The Universities of Tromsø and Bergen began sponsoring a FreeBSD port of NAV, while Tromsø offered to contribute their own code to NAV. The Debian developer Morten Werner Olsen at The University of Oslo was commisioned by UNINETT to maintain a Debian NAV package. A SuSE package was maintained by NTNU and Centos RPMs were contributed by Alexander Krapivin at MSU, Moscow, Russia.
A strategy of targeting new feature releases twice a year was established (with bugfix releases in between). NAV 3.1 was released in June and 3.2, with an original schedule of October, was released in February 2007.
NAV gained the capability to actively block switch ports through the addition of the NTNU-contributed Arnold tool. Adding the ability to collect high speed traffic counters (64 bits) made it possible to reduce the Cricket collector frequency for gigabit switch ports from every 1 minute to every 5 minutes, thus removing the need to have a separate configuration tree for gigabit ports. The IP Device Center (later renamed to IP Device Info) was introduced.
We established a project page for NAV at SourceForge. This was used for bug tracking and hosting source code releases. A month after the 3.1 release, we had seen approximately 160 downloads from around the world (at the same time, the 3.0 version had been downloaded 674 times).
Project participants in 2006: John Magne Bredal, Vidar Faltinsen (project leader), Stein Magnus Jodal, Morten Brekkevold.
The NAV year of 2007 opened with the belated 3.2 release in February. The 3.2 release also marked our first step towards realizing a new long-term goal: Reduce the number of dependencies and programming languages utilized in NAV.

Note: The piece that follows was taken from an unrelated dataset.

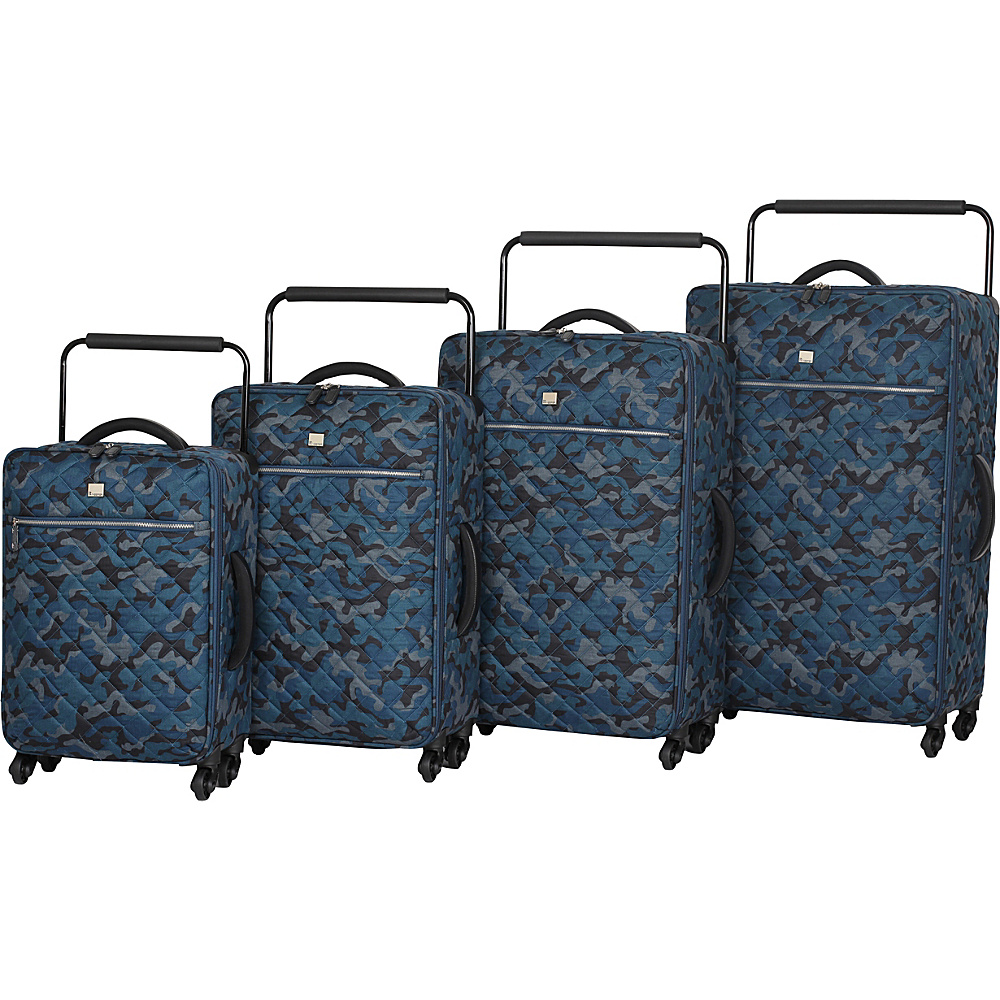 it luggage World s Lightest Quilted Camo 4 pc Spinner Set Legion Blue Camo Print it luggage Luggage Sets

The 3.2 release replaced the messages system with separate maintenance and message systems, rewritten from scratch, after many usability complaints from users. The Perl SMS daemon was rewritten in Python, adding support for SMS dispatcher plugins. Much of the behind-the-scenes HTML and CSS was cleaned up and restructured. The release also brought numerous small improvements to NAV overall.
October 1st brought the NAV 3.3 feature release. This release added the long-awaited plugin based SNMP trap daemon, which enabled NAV to translate traps into NAV events and alerts. Browsing and searching of device history was greatly improved. The web interface received a major facelift. Switch/router interface names replaced port numbers as identifiers in most parts of the web interface.

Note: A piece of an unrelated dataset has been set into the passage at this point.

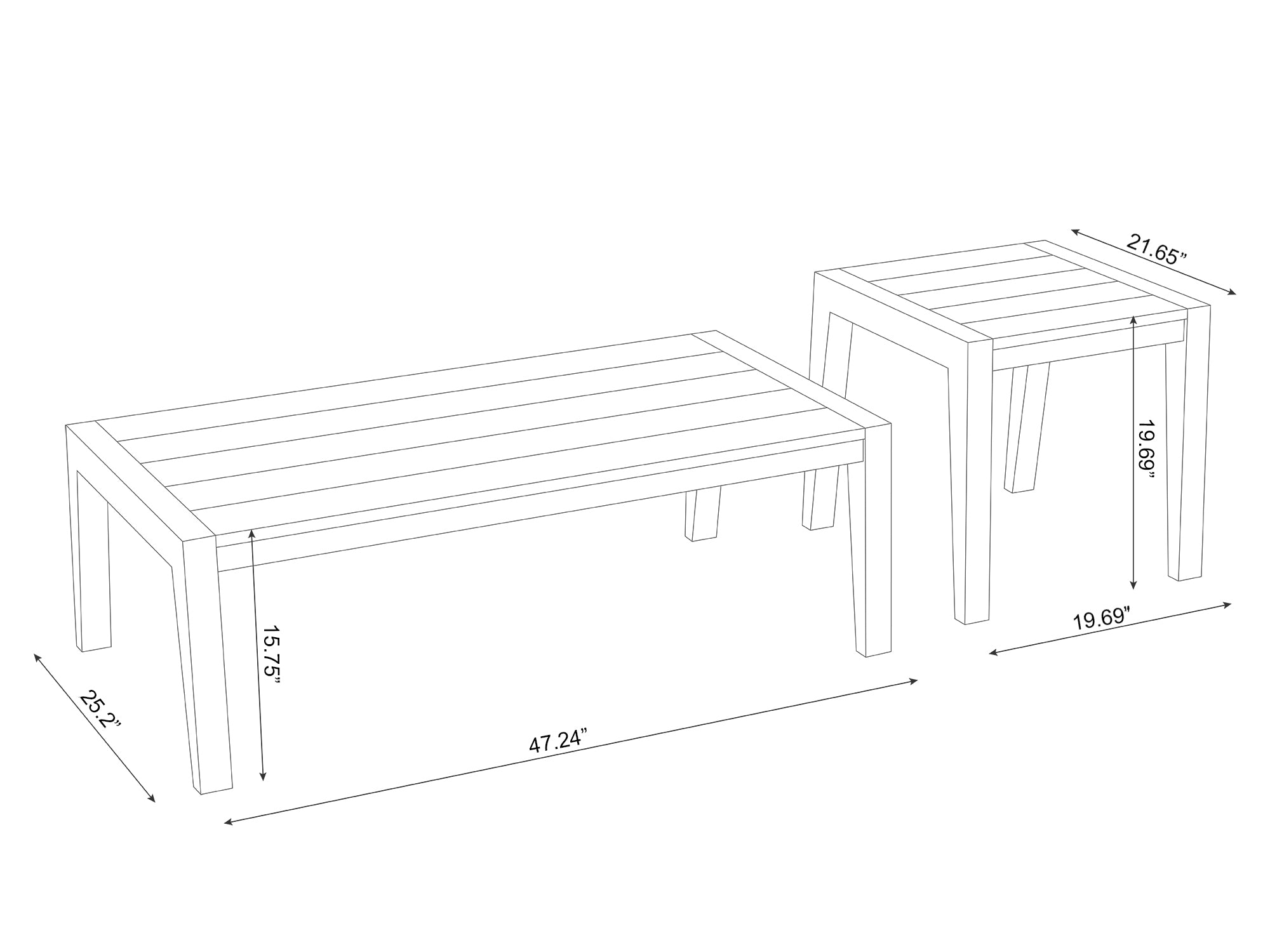 Rhodes Coffee Table and Side Table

The 2007 development project saw Morten Brekkevold take over as the project leader. Kristian Klette was taken on as a new student intern, and started working on a Traffic Map replacement, based on the Prefuse visualization library.
Project participants in 2007: John Magne Bredal, Vidar Faltinsen, Stein Magnus Jodal, Kristian Klette, Morten Brekkevold (project leader).